Continuing to seek theoretical compromises — such as defining a controlled company as a “quasi-company” — is merely counterproductive. The problem must be addressed directly, not circumnavigated.

Starting from this premise, some of the most important consequences of this new paradigm of enterprise and exchange have been outlined — consequences that carry remarkable scientific and political significance:
the uncontrolled manipulation of transactions and of price setting radically changes the very notion of productivity, of value added, and of profit as conventionally understood in both scientific and political discourse; it causes a dangerous alteration in the distribution of income between labour and capital, inevitably leading to the neutralisation of trade union power; and it may trigger and amplify dangerous financial crises.
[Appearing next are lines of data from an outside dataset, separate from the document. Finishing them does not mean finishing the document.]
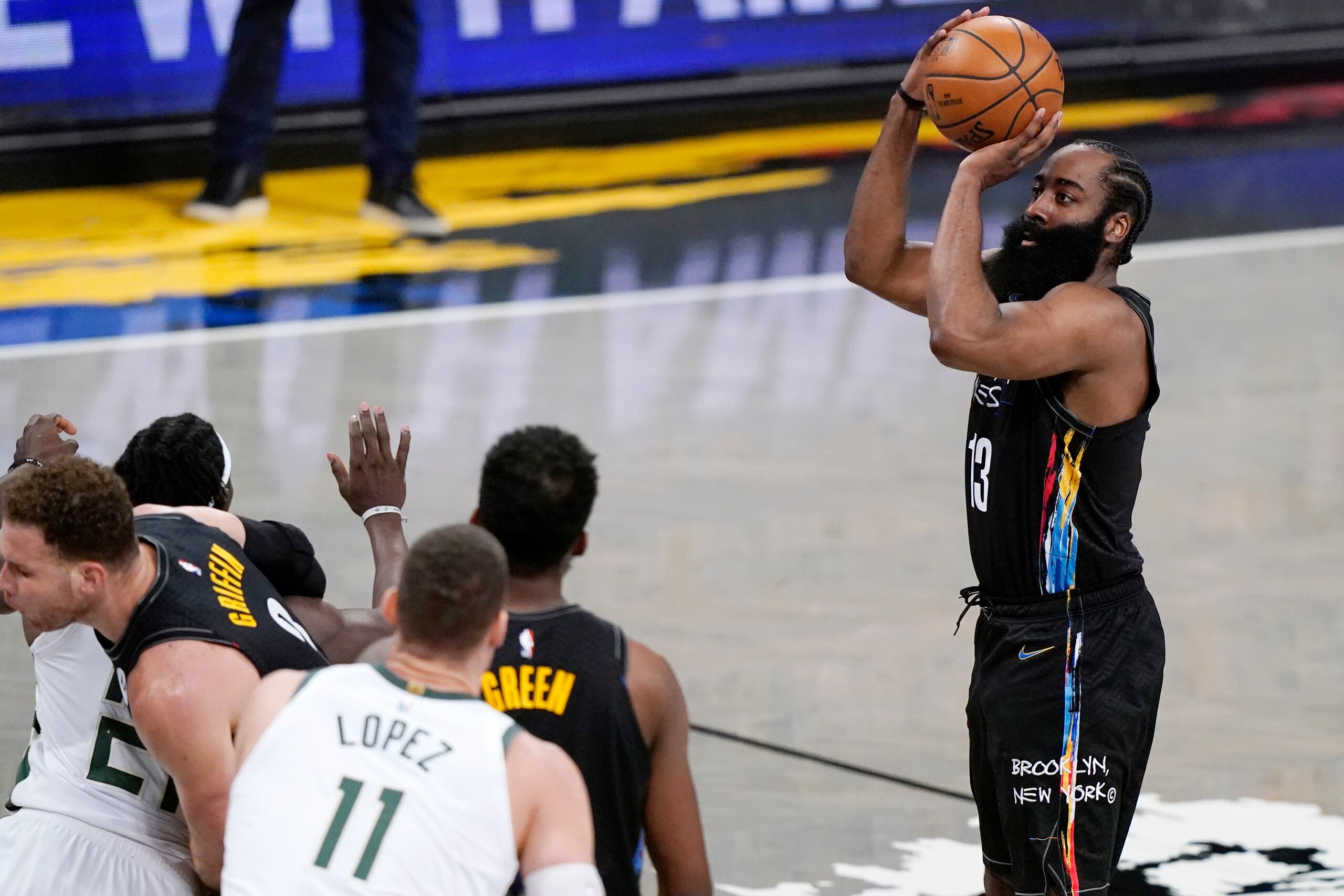 Brooklyn Nets guard James Harden (13) shoots as Brooklyn Nets forwards Jeff Green (8) and Blake Griffin (2) fend off Milwaukee Bucks players during the second half of Game 5 of a second-round NBA basketball playoff series, Tuesday, June 15, 2021, in New York. (AP Photo/Kathy Willens)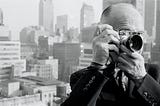 Henri Cartier-Bresson taking a picture from a rooftop.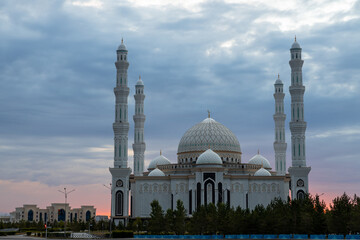 Fototapeta na wymiar Cloudy sky over Hazret Sultan Mosque in the early morning time. Nur-Sultan, Kazakhstan.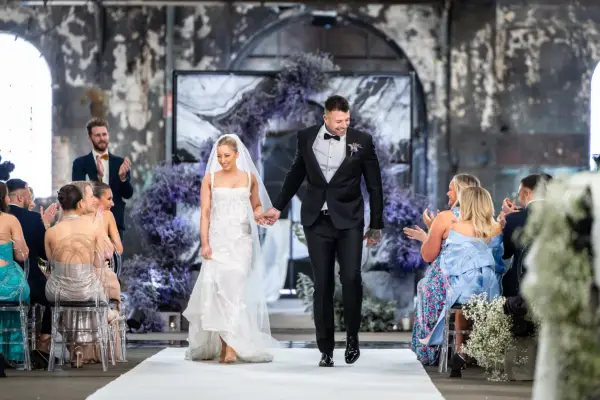Jamie and Dave ind wedding attire, holding hands as they walk down the aisle.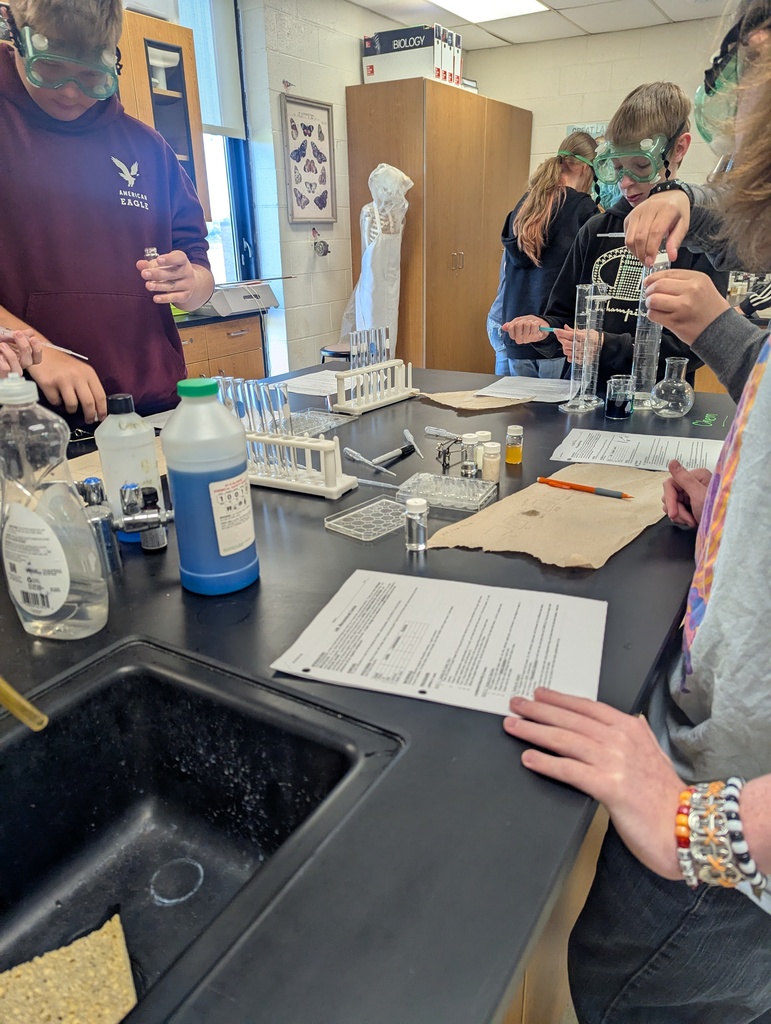 students completing a science experiment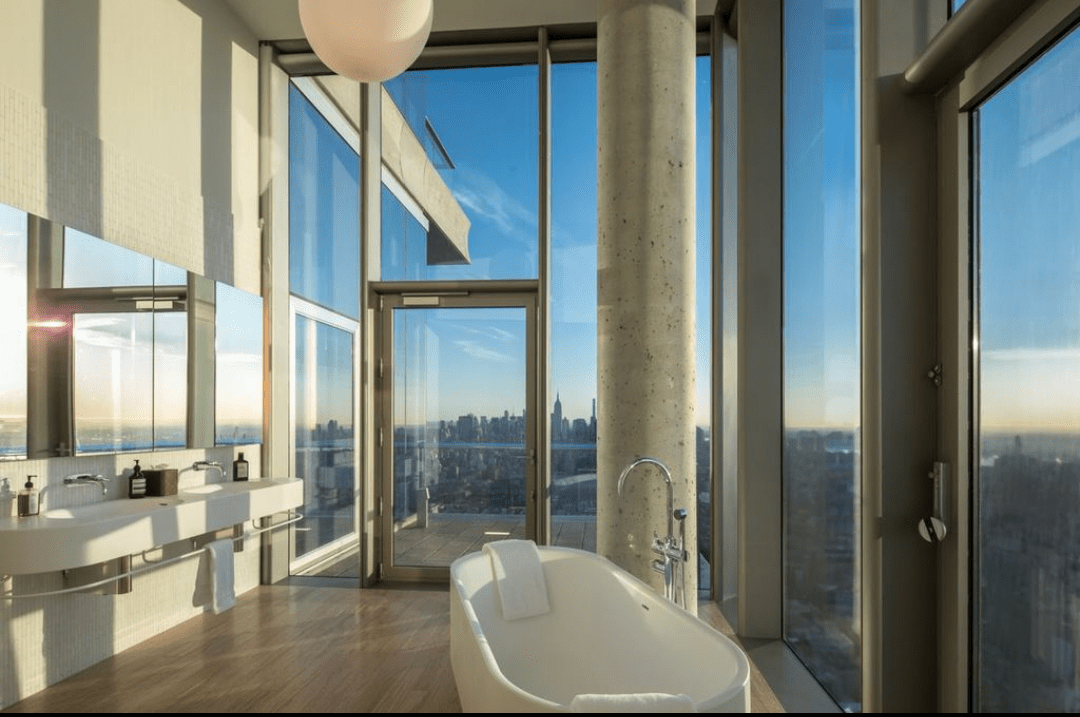 Bathroom with breathtaking views of NYC [1080x1920] r/RoomPorn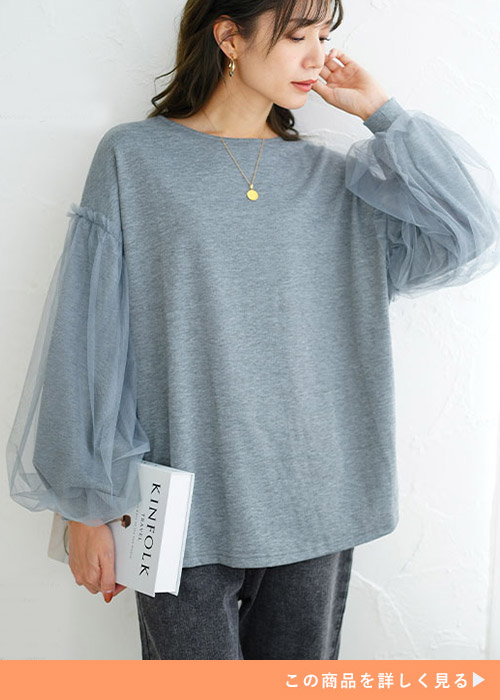 チュールを重ねたふんわり袖デザインのグレー色トレーナーを着る女性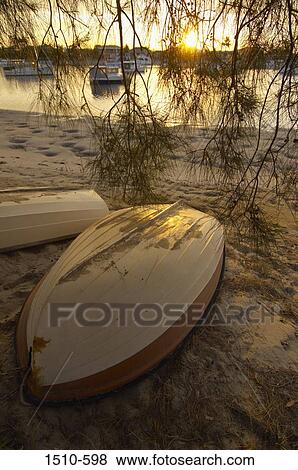 Rowboats on the beach, Queensland, Australia View Large Photo Image Stock Photo - Rowboats on the beach, Queensland, Australia. Fotosearch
Moreover, as shown by the work of European institutions and other international organisations, unjust fiscal advantages can easily be derived — to the detriment of public institutions — by strategically positioning subsidiaries on the global chessboard, while intra-group credit and debt relations have major financial consequences for the territories in which these entities operate.

Consequently, the theory of the one-contracting-party apparent economy could serve as a theoretical model for constructing statistical frameworks and databases that are as realistic as possible.

To this end, it is intended to propose an economic and statistical indicator based on the model of the aggregate production function of multinational groups.

A carefully designed data collection system, supported by mandatory disclosure obligations for transnational enterprises in all productive sectors, could lead to the creation of databases and technological tools capable of anticipating — and possibly preventing — financial crises.

Without adequate regulation, technological evolution will only further amplify the distortive potential of one-contracting-party exchanges, dragging states ever deeper into a condition of structural impotence in the face of the evolution of global markets.

The development of Artificial Intelligence (AI) will, in fact, unfold largely within the existing model of the global enterprise, thereby exponentially increasing the risks described above.

For these reasons, it is also evident that so-called anti-globalisation political measures, such as tariffs, may create some organisational and financial challenges for multinational corporate groups; however, with the regulatory and technological tools at their disposal, these groups can quite easily shift the resulting higher costs — paradoxically even onto the very governments driving the trade war — through targeted organisational restructuring of plants and subsidiaries, a process that current statistical systems can only record ex post.

Great caution must also be exercised regarding the social and humanitarian consequences arising from the restructuring of global production chains, which could prove disastrous for countries that, for one reason or another, become — or will become — less economically advantageous.
Another risk is that of triggering or accelerating financial crises, the consequences of which are currently impossible to predict.

Only the ability of governments and parliaments to engage in dialogue and find a global statistical and regulatory solution can lead the way out of the crisis induced by globalisation.
Moreover, the moment is a delicate one: we have just entered a risky phase of both technological and regulatory transition — and mistakes in legislation or international agreements could prove disastrous.